長性院。広島県広島市南区にある浄土宗寺院
長性院の概要
浄土宗寺院の長性院は、良雲山千日寺と号します。長性院は、信濃(長野県)の僧正誉玄斎和尚が、諸国巡錫に際して当地に止錫、元和3年(1617)に榮山庵を開いて開創、千日間常念仏と唱え続けたことから千日谷とも称されるようになったといいます。幽栖の地だったことから、ある夜に一人の武士が「試し斬り」をしたところ、斬ったはずの女人ではなく、地蔵尊が斬られた横たわっていたことから、その武士は剃髪し玄斎和尚の弟子となり、2世善誉上人弘願和尚となったといいます。その後、寺西将監利之の妻(法名長性院)・娘(法名良雲院)の寄進により堂塔を建立、正徳4年(1714)良雲山榮山寺長性院と号しています。広島新四国八十八ヶ所霊場第55番です。
山号 | 良雲山 |
---|---|
院号 | 長性院 |
寺号 | 千日寺 |
本尊 | 阿弥陀如来像 |
住所 | 広島市南区比治山町7−40 |
宗派 | 浄土宗 |
葬儀・墓地 | - |
備考 | 三鬼大神・稲荷明神大祭:2月 |
長性院の縁起
長性院は、信濃(長野県)の僧正誉玄斎和尚が、諸国巡錫に際して当地に止錫、元和3年(1617)に榮山庵を開いて開創、千日間常念仏と唱え続けたことから千日谷とも称されるようになったといいます。幽栖の地だったことから、ある夜に一人の武士が「試し斬り」をしたところ、斬ったはずの女人ではなく、地蔵尊が斬られた横たわっていたことから、その武士は剃髪し玄斎和尚の弟子となり、2世善誉上人弘願和尚となったといいます。その後、寺西将監利之の妻(法名長性院)・娘(法名良雲院)の寄進により堂塔を建立、正徳4年(1714)良雲山榮山寺長性院と号しています。
「廣島縣史」による長性院の縁起
長性院
開山正譽玄斎、(信濃松本の人)慶長中創立、初榮山庵といふ、玄斎千日の勤行を修む、仍て小榮山千日谷等の稱あり、承應元年玄斎去りて歸らす、後白譽の時、藩士寺西利之の室人(法名長性院)白銀三十貫を施し、新に堂塔を立て、良雲山榮山寺長性院と號す、良雲は所生女子の法名なり、正徳四年より寺號を千日寺と號せり。
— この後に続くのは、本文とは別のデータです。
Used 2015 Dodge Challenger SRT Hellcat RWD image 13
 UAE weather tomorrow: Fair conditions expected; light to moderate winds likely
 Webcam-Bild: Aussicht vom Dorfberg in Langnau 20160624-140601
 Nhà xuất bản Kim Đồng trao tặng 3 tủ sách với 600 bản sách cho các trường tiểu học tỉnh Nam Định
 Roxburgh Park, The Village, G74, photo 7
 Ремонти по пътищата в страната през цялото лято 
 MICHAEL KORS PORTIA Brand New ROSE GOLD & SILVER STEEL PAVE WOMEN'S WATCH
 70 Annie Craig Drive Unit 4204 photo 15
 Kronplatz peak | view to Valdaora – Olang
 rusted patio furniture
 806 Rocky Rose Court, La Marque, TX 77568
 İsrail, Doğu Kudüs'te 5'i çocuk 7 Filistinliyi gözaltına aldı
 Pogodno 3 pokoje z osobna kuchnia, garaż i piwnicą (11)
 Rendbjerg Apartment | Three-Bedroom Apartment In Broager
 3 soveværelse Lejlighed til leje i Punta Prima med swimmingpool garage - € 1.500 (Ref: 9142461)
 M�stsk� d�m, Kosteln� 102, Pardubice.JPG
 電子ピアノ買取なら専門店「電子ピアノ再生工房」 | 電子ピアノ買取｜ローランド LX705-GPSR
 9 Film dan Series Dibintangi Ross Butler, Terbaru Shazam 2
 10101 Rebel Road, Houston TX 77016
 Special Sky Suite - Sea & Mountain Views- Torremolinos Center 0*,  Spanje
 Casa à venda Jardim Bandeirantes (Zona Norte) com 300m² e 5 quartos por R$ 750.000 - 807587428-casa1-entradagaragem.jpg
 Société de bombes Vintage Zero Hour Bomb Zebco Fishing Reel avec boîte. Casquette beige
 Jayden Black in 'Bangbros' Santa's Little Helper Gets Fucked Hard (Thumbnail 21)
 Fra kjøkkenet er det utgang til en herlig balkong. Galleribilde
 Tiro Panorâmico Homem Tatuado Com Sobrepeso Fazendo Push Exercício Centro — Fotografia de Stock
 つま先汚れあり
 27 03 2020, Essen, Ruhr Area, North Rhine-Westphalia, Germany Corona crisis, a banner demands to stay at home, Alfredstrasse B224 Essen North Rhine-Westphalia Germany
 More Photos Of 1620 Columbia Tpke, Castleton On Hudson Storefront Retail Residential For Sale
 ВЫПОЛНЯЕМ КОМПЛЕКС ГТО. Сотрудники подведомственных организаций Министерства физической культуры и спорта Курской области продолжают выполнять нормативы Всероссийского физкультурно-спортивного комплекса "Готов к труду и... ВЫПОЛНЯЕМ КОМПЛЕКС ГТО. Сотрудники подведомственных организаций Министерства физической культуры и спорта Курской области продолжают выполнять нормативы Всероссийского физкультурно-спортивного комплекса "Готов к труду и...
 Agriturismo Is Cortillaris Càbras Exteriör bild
(「廣島縣史」より)
「廣島市史社寺史」による長性院の縁起
長性院
長性院は良雲山・千日寺と號す、段原町比治山の北面山腹に在り、宗派・本寺とも妙慶院に同じ(鎮西派京都智恩院の末寺)、本尊は阿彌陀如来(六阿彌陀の一)なり、初め信州松本の僧正譽玄斎諸國を巡錫して、此地に来りけるに、當時此山の渓麓ともに未だ人家なく、空林寂莫にして、心も澄みわたりければ、笈佛の彌陀像をおろし、鉦皷を前にすへ、半時ばかり此山を見巡り歸りしに、不思議にも人なくして、鉦皷の音、山谷に響く、玄斎以爲らく、是れ笈佛有縁の地なりと、即ち桐油紙を覆ひて、雨露を凌ぎ、暫く足を此處に止めて、日夜念佛す、元和三年里人爲めに草庵を結びて居らしむ、之を榮山庵と號す、玄斎は千日間發願して睡眠せず、常念佛を行ふ。後世榮山谷・千日谷といふは、これに起因す、後ち承應元年十月十五日玄斎は飄然出て復た還らず、而して其歿する處を知らず、弟子善譽榮山庵を嗣ぎしが、後禿翁が弟子紀州小倉の僧、此庵に住みける時、藩士寺西将監利之が妻、銀三拾貫目を施し、新に堂塔を建立す、此に於て始めて良雲山榮山寺長性院と號す(長性院のこと禿翁寺の條に在り)、蓋「長性」は寺西利之の妻の法名長性院に據り、「良雲」は同人娘近藤某の妻の法名良雲院に取れるなり、正徳の頃に至り、榮山寺を改めて千日寺と爲すといふ、是を以て當寺三世白譽を中興開山とし、彼の長性院を開基となす、八世實譽の時、本堂大破せしを以て再建し、寶暦の大火に遇ひて諸堂類焼し、九世察譽の時、庫裡を再建せしも、寛政年中再び焼失せしかば、十二世宣譽本堂・庫裡を建立せり、(「廣島市史社寺史」より)
長性院身代わり地蔵尊の由来について
当山は元和三年(一六一七)=福島正則の時代=に信濃(長野県)の僧正誉玄斎和尚によって創建された。和尚は弘法利生の志篤く諸国巡錫の途上この地に来ると紫雲たなびく中に一道の光明をみ荘厳な鉦鈷の妙音を聞き給ひてこの音をたよりに行かれたところこのお地蔵さまが安置されていたのえこの地こそ正しく仏有縁の霊地なりと感得し発願して当山を開かれたのである。当寺開山の仏縁をたまわったこの霊験あらたかなお地蔵さまは当時一般庶民の間で信仰する者非常に多くを数え中でも松川町に住む、大門という苗字の女人は殊のほか信心堅固でこのお地蔵さまの篤信者として日夜のお参りを欠かしたことはなかった。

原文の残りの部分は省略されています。